Os resultados sublinham que a definição clara das categorias de DRM e a consideração do nível e da sensibilidade são essenciais para a interpretação, o que é possível devido aos padrões bem definidos para o método de PCR aqui utilizado. 68% dos pacientes receberam SCT em RC após blinatumomabe com uma mortalidade até agora limitada (13%).
Um acompanhamento adicional é certamente necessário. O GMALL continuará a recrutar pacientes com níveis de DRM abaixo de 10-3, a fim de melhorar suas chances de sobrevida a longo prazo.
DRM avaliada por NGS é mais sensível à DRM identificada por CFM
A doença residual mensurável (DRM) por citometria de fluxo multiparâmetros (CFM) é altamente prognóstica para recidiva e sobrevida global (SG) em pacientes com LLA. No entanto, muitos pacientes com aparente “negatividade de DRM” por CFM ainda apresentam recidiva.
O segundo estudo mencionado pelo hematologista avaliou DRM entre CFM e NGS (next-generation sequencing) altamente sensível, capaz de detectar doença residual em um nível de 1×10-6.
Os dados apresentados indicaram que dos 65 pacientes avaliados no estudo, 38 tinham DRM. Todos receberam Hyper-CVAD. Entre aqueles que atingiram remissão completa, 71% apresentaram DRMneg por CFM. Entretanto, 50% desses tinham DRM por NGS. 27% dos pacientes com DRMneg por CFM recaíram, enquanto apenas 8% com DRMneg por NGS apresentaram recidiva.
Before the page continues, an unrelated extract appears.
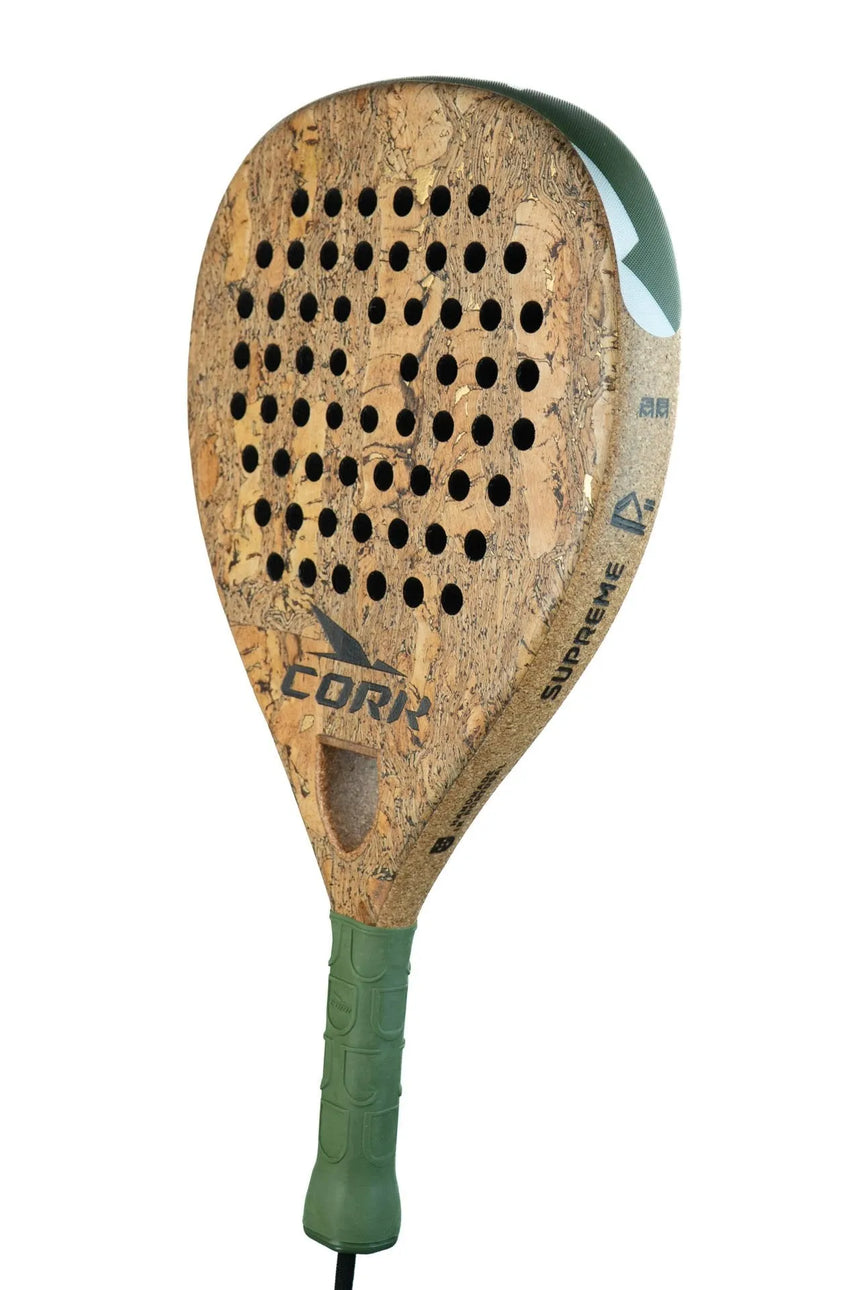 The Cork Padel Supreme Power III racket is designed for offensive players, crafted with a High Carbon Composition. It features a cork surface accented in green, a patterned grip, and perforations on the face. The branding text elegantly adorns the edges against a pristine white background.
A avaliação precoce de DRM usando NGS ultrassensível pode identificar pacientes com LLA de risco muito baixo de recidiva e excelente sobrevida em longo prazo, individualizando ainda mais o tratamento e o seguimento desses indivíduos.
Referências:
Goekbuget N, et al. Interim Results of a Multicenter, Single-Arm Study to Assess Blinatumomab in Adult Patients (pts) with Minimal Residual Disease (MRD) of B-Precursor (BCP) Acute Lymphoblastic Leukemia (GMALL-MOLACT1-BLINA). Abstract 2795. Presented at: 62nd ASH Annual Meeting and Exposition, 2020.
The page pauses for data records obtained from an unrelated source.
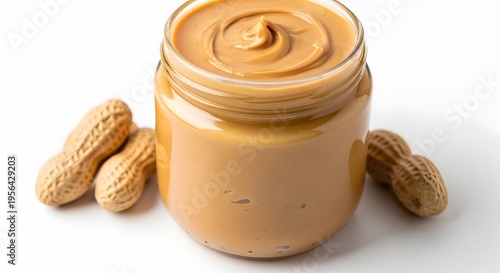 Creamy Peanut Butter Jar with Peanuts on White Background.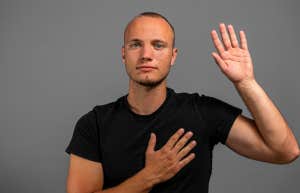 man swearing to tell the truth with hand on heart
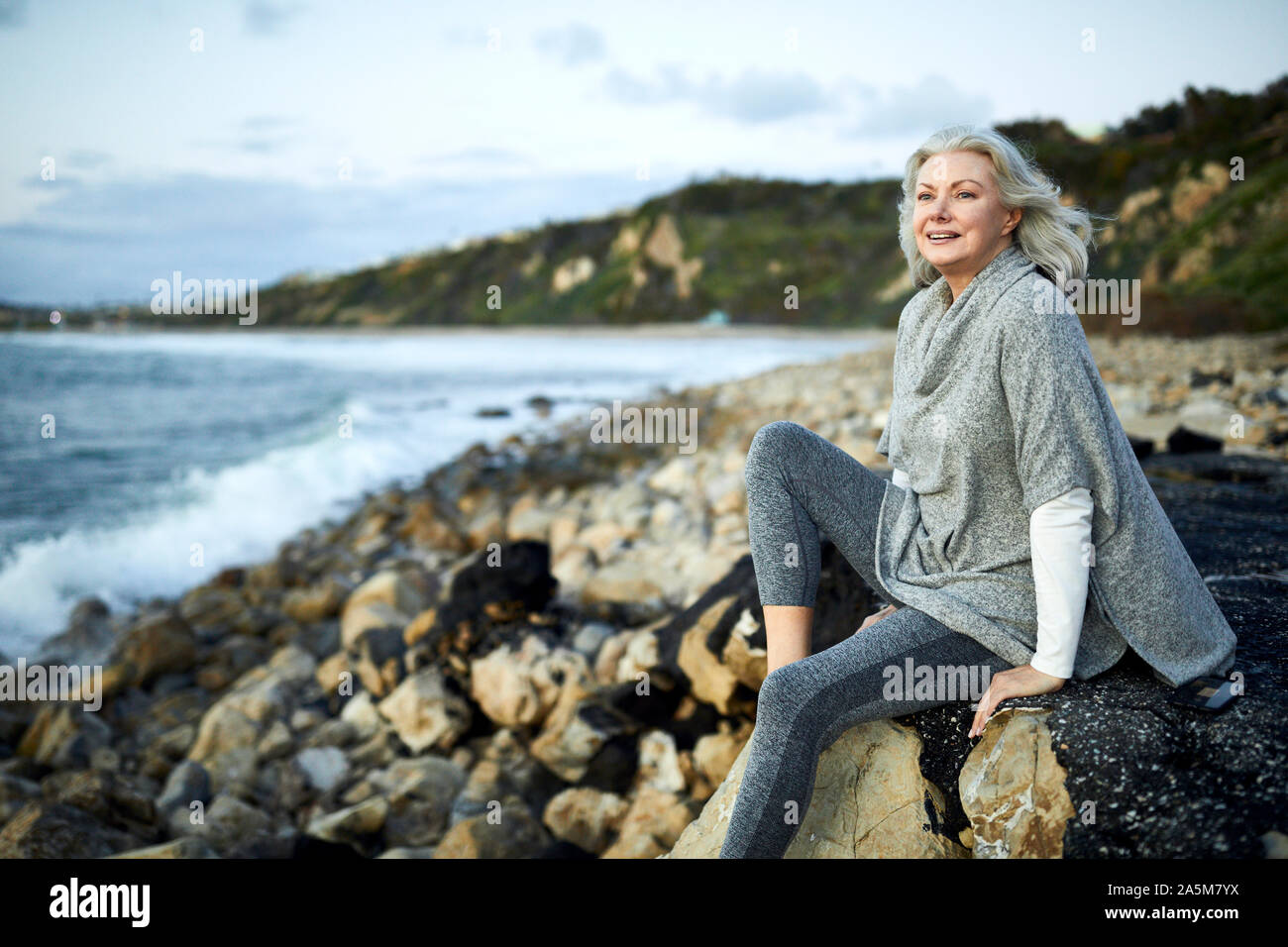 Vista laterale di sorridere senior donna seduta su roccia a Manhattan Beach durante il tramonto Foto Stock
Short NJ, et al. Ultrasensitive Next-Generation Sequencing-Based Measurable Residual Disease Assessment in Philadelphia Chromosome-Negative Acute Lymphoblastic Leukemia after Frontline Therapy: Correlation with Flow Cytometry and Impact on Clinical Outcomes. Abstract 583. Presented at: 62nd ASH Annual Meeting and Exposition, 2020.